=== Input for this task ===

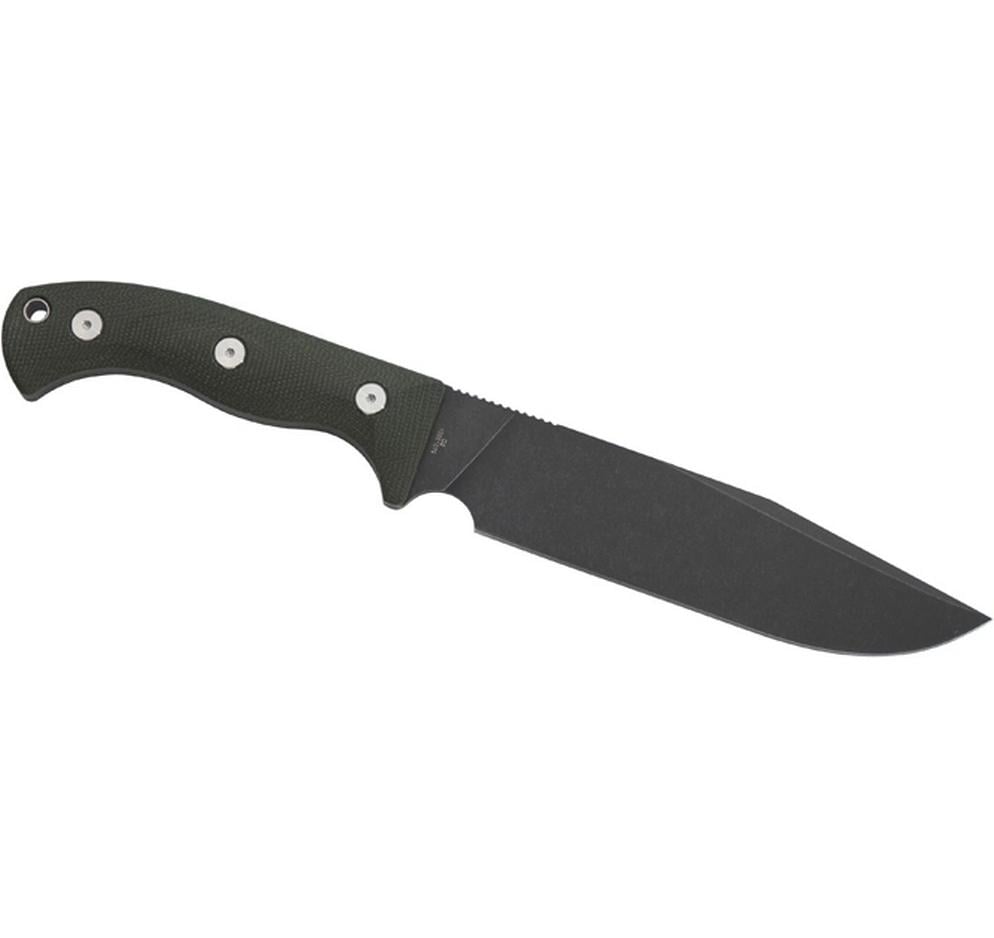 Herbertz D2 – Outdoormesser 173 mm, Micarta, Grün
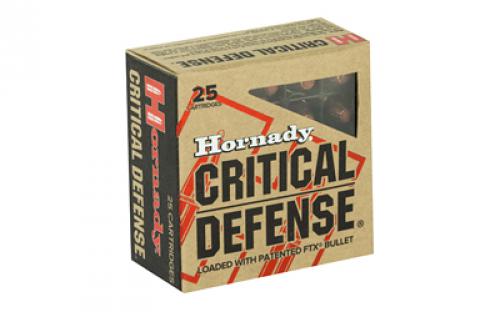 hornady critical defense 9mm 25 round box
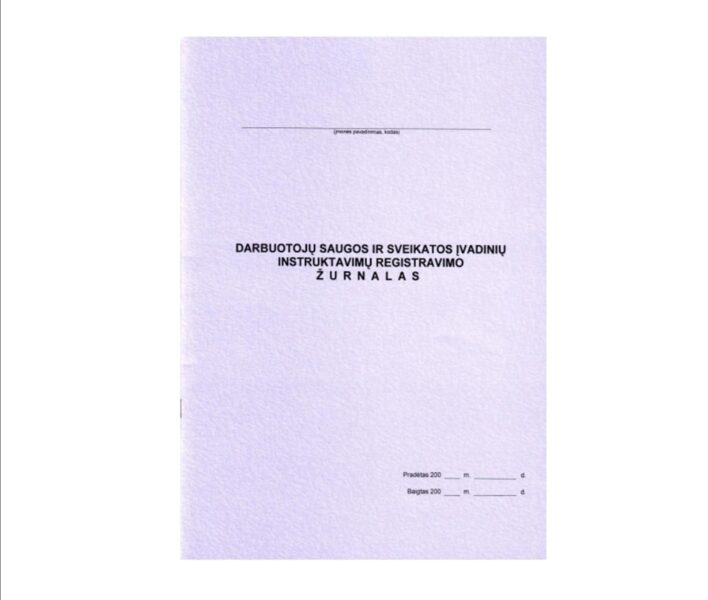 Darbuotojų saugos ir sveikatos įvadinių instruktavimų registracijos žurnalas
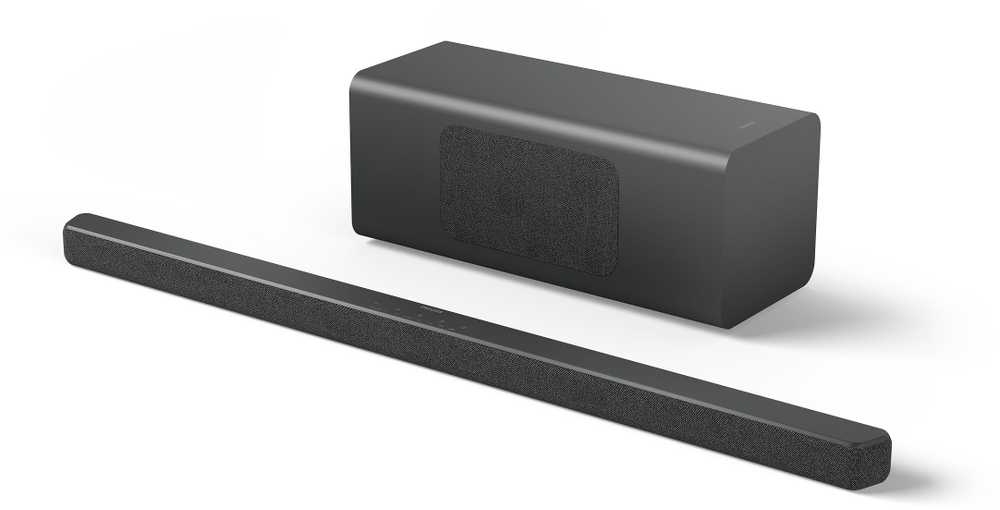 Namų kino sistema Philips 2.1 garso juosta su belaidžiu žemųjų dažnių garsiakalbiu tab6309/10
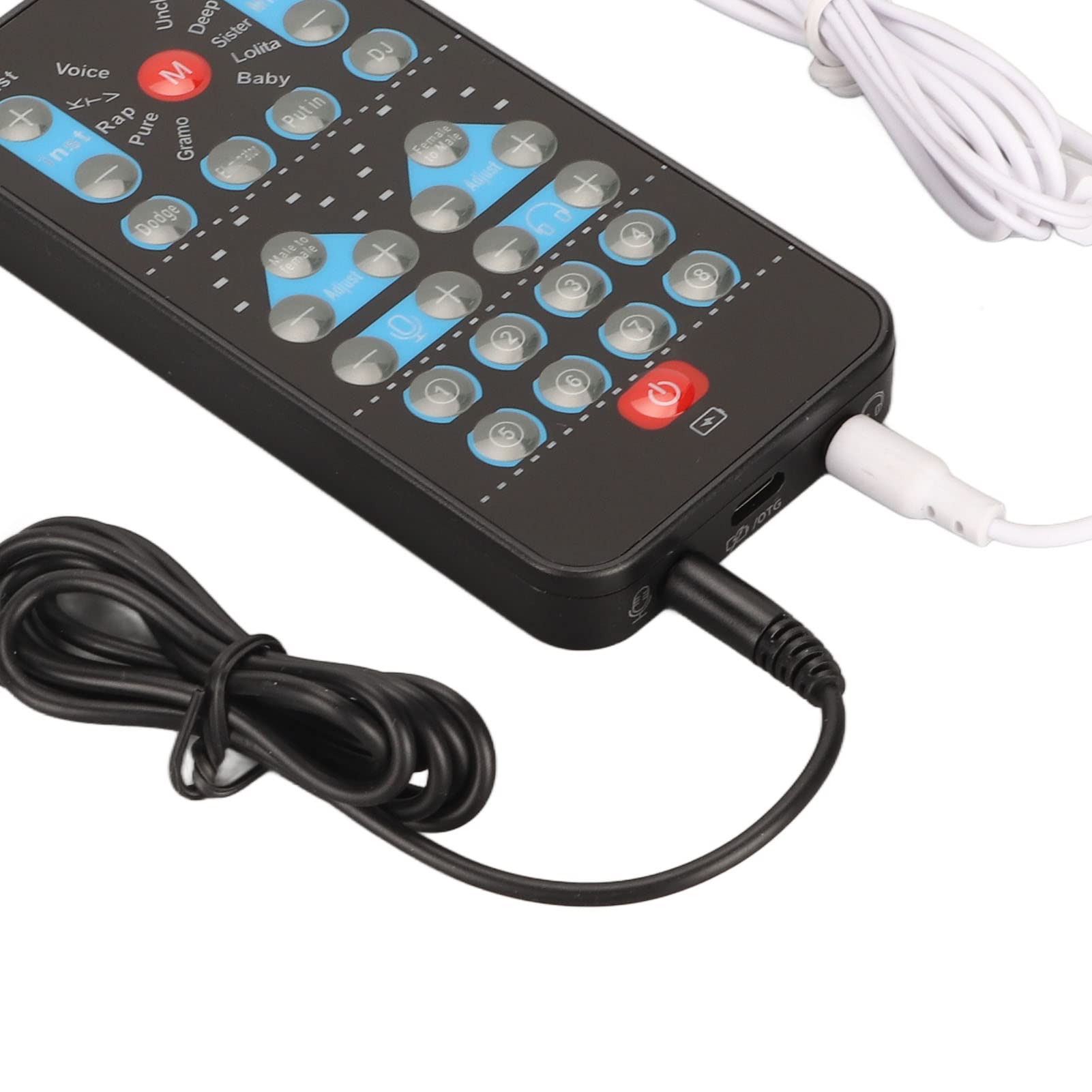 Changeur de Voix, Dispositif de Changeur de Voix avec 8 Effets Sonores, Changeur de Voix pour Téléphones Mobiles, Ordinateurs, DJ, Enregistrements en Studio de Musique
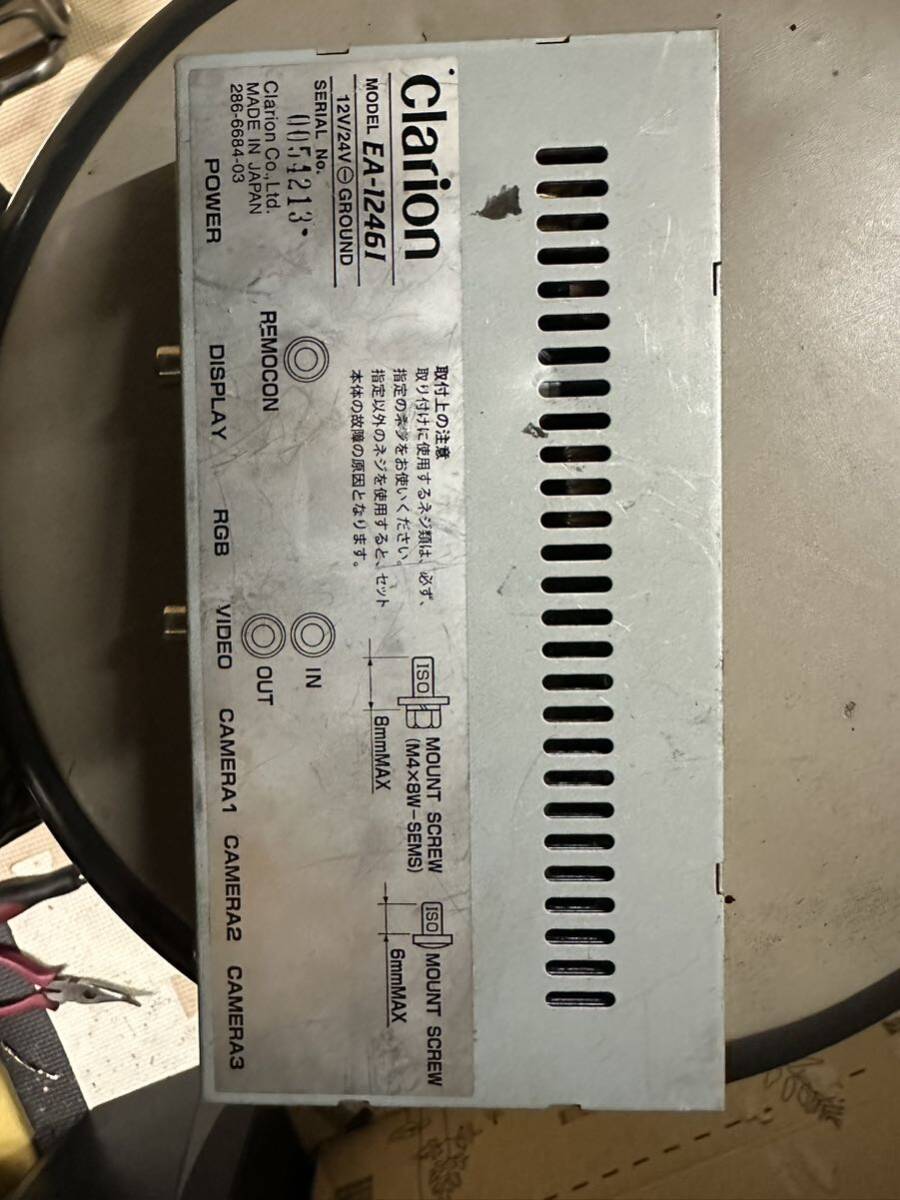 クラリオンバックカメラ電源ユニットEA-1246I 2_1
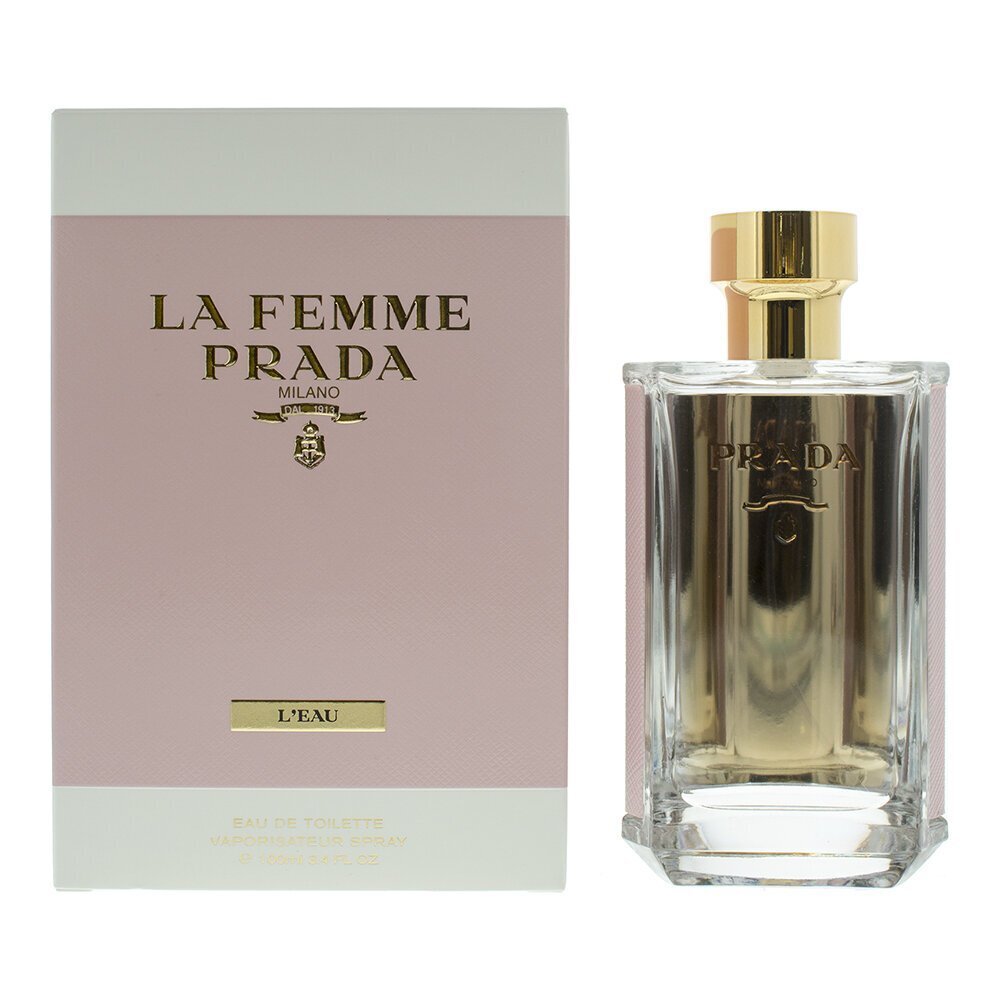 Tualettvesi Prada La Femme L'Eau EDT naistele 100 ml цена и информация | Naiste parfüümid | kaup24.ee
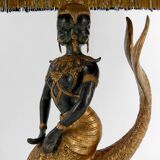 Sculptural Lamp in Bronze with double green and gold patina, Suvannamaccha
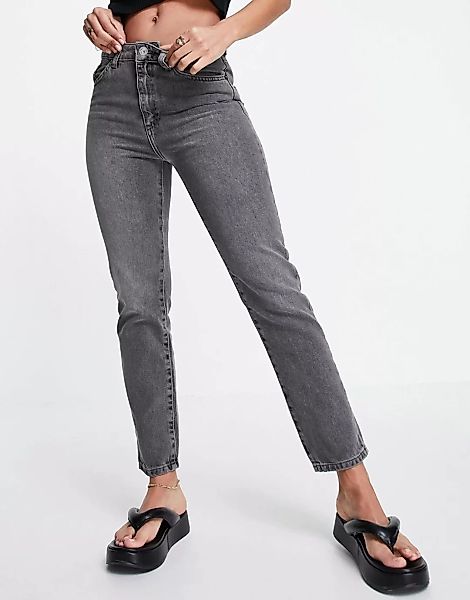French Connection – Stretch-Jeans in kurzem Schnitt und verwaschenem Grau günstig online kaufen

===

» **Directions**
All entries must be output exactly as they stand, and every picture must be left out.

» **Answer**
 Herbertz D2 – Outdoormesser 173 mm, Micarta, Grün
 hornady critical defense 9mm 25 round box
 Darbuotojų saugos ir sveikatos įvadinių instruktavimų registracijos žurnalas
 Namų kino sistema Philips 2.1 garso juosta su belaidžiu žemųjų dažnių garsiakalbiu tab6309/10
 Changeur de Voix, Dispositif de Changeur de Voix avec 8 Effets Sonores, Changeur de Voix pour Téléphones Mobiles, Ordinateurs, DJ, Enregistrements en Studio de Musique
 クラリオンバックカメラ電源ユニットEA-1246I 2_1
 Tualettvesi Prada La Femme L'Eau EDT naistele 100 ml цена и информация | Naiste parfüümid | kaup24.ee
 Sculptural Lamp in Bronze with double green and gold patina, Suvannamaccha
French Connection – Stretch-Jeans in kurzem Schnitt und verwaschenem Grau günstig online kaufen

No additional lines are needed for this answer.